BUS3050 builds the communication competencies that professionals need to exchange information effectively, influence decisions, resolve conflicts, and lead teams across the full range of organizational contexts — from one-on-one conversations and team meetings to presentations, reports, and crisis communications.
Organizational communication flows
| Direction | Description | Examples |
|---|---|---|
| Downward | From upper management to employees — directives, policies, feedback | Strategy announcements, performance reviews, training |
| Upward | From employees to management — feedback, reports, concerns | Progress reports, employee surveys, suggestion systems |
| Horizontal | Between peers at the same organizational level | Cross-functional collaboration, peer feedback, team coordination |
| Diagonal | Between people at different levels and different departments | Project teams, matrix structures, cross-functional task forces |
| External | Between the organization and outside stakeholders | Customer service, media relations, investor communications, supplier negotiations |
What BUS3050 covers
The transactional model of communication replaced the earlier linear (transmission) model by recognizing that communication is a simultaneous, mutual process — both parties send and receive messages at the same time, and both are simultaneously senders and receivers. Noise (anything that interferes with the transmission or interpretation of a message) exists at multiple levels: physical noise (environmental distractions), semantic noise (differences in word meaning, jargon), psychological noise (emotions, biases, and assumptions that distort interpretation), and physiological noise (physical states that affect attention and processing). Effective communicators actively manage noise in all its forms, which requires both self-awareness (what biases and emotional states are affecting how I am sending and receiving?) and audience awareness (what semantic or psychological noise might be affecting how my message is received?).
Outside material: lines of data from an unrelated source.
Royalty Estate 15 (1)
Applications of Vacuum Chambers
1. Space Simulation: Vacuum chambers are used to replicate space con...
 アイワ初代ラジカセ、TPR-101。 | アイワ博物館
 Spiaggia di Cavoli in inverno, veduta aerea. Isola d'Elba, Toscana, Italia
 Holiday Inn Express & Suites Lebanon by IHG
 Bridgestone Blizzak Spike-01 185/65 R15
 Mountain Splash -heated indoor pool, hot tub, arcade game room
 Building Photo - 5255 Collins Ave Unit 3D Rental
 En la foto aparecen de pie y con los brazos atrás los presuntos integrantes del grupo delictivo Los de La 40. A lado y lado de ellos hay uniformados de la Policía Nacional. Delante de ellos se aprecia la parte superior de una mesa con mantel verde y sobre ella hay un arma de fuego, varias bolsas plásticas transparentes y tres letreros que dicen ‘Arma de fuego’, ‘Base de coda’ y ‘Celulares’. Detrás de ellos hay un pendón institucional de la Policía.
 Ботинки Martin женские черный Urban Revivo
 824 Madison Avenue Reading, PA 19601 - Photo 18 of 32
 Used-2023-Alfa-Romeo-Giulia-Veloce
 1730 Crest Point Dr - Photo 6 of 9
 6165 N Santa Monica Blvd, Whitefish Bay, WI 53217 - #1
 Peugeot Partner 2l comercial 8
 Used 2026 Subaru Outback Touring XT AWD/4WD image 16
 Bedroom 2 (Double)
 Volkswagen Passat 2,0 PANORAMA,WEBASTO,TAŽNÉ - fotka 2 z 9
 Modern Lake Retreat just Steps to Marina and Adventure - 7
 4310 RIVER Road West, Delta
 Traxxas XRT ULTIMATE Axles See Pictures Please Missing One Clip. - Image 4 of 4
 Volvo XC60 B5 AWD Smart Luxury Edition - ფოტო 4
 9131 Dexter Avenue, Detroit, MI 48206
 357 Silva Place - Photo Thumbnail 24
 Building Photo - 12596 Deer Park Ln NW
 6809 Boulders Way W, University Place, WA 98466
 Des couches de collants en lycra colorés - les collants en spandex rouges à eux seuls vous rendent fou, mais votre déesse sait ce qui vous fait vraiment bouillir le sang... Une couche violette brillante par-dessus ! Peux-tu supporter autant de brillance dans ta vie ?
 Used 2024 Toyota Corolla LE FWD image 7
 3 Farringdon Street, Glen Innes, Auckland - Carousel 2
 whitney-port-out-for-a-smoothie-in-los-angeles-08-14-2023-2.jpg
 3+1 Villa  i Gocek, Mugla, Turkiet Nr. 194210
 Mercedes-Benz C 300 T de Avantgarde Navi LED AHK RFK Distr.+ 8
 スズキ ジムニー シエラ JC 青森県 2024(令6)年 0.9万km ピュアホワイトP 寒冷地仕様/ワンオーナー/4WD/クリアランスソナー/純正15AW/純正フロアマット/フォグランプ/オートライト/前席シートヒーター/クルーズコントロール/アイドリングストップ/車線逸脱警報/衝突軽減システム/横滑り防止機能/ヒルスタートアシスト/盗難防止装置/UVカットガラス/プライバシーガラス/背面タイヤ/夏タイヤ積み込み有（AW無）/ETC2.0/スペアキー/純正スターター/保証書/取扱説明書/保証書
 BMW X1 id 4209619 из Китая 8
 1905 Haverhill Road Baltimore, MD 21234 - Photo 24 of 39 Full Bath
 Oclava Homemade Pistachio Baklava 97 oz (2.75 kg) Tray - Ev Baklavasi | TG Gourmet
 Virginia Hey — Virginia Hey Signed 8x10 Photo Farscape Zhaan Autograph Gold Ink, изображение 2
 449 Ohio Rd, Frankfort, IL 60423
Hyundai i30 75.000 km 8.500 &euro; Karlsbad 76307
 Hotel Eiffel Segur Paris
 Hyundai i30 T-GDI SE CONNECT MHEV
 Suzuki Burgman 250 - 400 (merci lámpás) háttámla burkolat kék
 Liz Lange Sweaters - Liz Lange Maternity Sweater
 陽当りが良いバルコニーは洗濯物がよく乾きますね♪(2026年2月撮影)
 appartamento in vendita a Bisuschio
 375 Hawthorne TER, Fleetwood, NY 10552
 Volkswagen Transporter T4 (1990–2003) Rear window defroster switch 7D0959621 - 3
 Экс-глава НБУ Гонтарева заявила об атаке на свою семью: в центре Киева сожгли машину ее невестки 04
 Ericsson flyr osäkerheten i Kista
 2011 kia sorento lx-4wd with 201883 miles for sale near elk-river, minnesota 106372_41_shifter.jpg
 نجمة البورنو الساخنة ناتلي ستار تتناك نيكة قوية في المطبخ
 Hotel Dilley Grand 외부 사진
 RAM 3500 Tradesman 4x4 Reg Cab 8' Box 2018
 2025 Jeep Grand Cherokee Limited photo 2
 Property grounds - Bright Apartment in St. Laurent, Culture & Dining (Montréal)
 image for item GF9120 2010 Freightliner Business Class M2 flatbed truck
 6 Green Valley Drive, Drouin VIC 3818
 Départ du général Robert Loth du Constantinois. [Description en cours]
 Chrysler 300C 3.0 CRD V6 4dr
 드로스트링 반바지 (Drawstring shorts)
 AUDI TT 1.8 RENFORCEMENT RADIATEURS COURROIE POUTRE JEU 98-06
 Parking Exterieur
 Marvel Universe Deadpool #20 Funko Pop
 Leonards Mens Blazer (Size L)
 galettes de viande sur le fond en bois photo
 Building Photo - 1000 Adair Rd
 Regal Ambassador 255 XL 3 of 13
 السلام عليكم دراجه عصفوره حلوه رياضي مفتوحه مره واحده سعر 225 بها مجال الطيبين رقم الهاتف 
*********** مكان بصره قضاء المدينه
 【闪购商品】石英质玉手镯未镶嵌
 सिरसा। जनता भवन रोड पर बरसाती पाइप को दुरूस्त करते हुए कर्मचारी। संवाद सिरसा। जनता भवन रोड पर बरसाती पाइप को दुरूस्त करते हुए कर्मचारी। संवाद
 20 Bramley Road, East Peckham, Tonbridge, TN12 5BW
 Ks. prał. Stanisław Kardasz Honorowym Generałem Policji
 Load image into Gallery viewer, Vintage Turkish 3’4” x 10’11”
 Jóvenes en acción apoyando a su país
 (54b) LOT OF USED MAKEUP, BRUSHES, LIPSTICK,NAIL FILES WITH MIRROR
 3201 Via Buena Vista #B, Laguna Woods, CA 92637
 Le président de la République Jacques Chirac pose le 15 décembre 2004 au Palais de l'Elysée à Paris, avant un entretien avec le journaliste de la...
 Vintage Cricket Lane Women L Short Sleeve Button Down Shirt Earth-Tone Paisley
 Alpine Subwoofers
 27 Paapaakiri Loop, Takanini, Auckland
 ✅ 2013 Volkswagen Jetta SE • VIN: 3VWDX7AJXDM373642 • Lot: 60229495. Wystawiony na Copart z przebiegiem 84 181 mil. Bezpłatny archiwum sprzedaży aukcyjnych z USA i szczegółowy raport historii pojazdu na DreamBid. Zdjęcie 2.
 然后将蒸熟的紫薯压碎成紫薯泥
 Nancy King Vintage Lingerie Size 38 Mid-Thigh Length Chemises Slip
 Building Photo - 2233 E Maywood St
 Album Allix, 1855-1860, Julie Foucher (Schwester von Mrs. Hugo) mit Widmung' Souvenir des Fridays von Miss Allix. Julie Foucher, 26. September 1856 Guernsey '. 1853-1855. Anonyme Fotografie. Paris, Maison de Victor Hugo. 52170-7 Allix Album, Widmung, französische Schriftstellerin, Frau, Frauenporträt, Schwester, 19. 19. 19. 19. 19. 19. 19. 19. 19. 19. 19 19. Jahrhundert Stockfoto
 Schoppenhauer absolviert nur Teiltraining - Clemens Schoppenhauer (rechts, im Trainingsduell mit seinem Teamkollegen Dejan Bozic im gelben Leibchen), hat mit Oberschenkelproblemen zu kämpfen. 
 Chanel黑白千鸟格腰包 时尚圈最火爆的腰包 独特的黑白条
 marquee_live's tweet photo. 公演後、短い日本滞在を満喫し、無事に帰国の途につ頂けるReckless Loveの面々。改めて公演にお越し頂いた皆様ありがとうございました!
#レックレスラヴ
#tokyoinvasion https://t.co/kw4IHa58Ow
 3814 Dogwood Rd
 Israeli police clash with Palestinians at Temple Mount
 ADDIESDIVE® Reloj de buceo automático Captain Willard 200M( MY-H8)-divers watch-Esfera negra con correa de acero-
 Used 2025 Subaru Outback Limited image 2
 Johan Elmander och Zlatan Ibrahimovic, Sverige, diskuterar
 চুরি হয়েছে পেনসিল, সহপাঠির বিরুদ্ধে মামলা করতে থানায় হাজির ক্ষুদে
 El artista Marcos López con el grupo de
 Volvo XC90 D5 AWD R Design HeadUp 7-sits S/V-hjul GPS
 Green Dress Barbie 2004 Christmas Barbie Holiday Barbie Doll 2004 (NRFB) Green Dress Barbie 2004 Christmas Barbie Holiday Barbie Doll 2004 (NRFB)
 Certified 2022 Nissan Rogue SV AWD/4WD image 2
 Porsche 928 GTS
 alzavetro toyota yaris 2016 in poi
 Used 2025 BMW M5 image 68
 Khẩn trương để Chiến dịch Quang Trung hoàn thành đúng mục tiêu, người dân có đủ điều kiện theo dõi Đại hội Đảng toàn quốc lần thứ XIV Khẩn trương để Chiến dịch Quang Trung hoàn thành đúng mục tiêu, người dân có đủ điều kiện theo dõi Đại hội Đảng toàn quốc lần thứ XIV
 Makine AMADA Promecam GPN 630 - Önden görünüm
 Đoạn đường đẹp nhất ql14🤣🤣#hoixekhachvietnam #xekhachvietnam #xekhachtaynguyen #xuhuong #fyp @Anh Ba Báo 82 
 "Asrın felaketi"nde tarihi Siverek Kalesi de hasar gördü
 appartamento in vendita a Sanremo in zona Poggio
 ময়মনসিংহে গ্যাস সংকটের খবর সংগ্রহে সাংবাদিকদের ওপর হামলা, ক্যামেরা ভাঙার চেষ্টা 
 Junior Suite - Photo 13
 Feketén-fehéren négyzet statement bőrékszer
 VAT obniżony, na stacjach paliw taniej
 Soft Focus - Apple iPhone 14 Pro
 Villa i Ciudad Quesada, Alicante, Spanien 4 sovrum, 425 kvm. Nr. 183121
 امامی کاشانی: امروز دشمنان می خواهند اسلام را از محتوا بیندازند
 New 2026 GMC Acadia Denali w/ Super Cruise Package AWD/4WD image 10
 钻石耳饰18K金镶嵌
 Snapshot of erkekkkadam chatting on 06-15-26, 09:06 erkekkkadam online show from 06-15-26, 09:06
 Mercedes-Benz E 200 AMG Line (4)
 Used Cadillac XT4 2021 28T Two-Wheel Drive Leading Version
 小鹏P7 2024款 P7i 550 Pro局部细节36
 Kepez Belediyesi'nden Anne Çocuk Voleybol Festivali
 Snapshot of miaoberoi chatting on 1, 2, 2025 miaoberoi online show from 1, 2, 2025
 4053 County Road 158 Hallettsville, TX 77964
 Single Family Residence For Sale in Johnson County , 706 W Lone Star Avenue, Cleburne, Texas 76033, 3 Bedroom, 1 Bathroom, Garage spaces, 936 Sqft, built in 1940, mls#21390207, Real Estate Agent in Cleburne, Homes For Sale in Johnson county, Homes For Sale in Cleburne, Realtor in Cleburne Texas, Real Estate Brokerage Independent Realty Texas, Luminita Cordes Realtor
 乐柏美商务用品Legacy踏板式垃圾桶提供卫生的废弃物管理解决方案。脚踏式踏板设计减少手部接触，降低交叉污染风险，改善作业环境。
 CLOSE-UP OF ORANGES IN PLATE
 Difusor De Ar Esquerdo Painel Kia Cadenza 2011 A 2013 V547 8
Nonverbal communication is often underestimated by students new to organizational communication — research consistently shows that nonverbal cues (facial expressions, body posture, eye contact, tone of voice, physical proximity, use of space and time) carry more meaning in interpersonal communication than the words themselves. Mehrabian's (often misapplied) research identified that emotional meaning in face-to-face communication is conveyed primarily through vocal tone and facial expression rather than words — the precise percentages (7%/38%/55%) apply only to communicating feelings and attitudes, not all communication. For organizational leaders, nonverbal awareness has practical consequences: inconsistencies between verbal messages and nonverbal signals undermine credibility (people believe what they see over what they hear), and leaders' nonverbal behaviors have an outsized effect on team climate because members pay close attention to them as signals about organizational conditions.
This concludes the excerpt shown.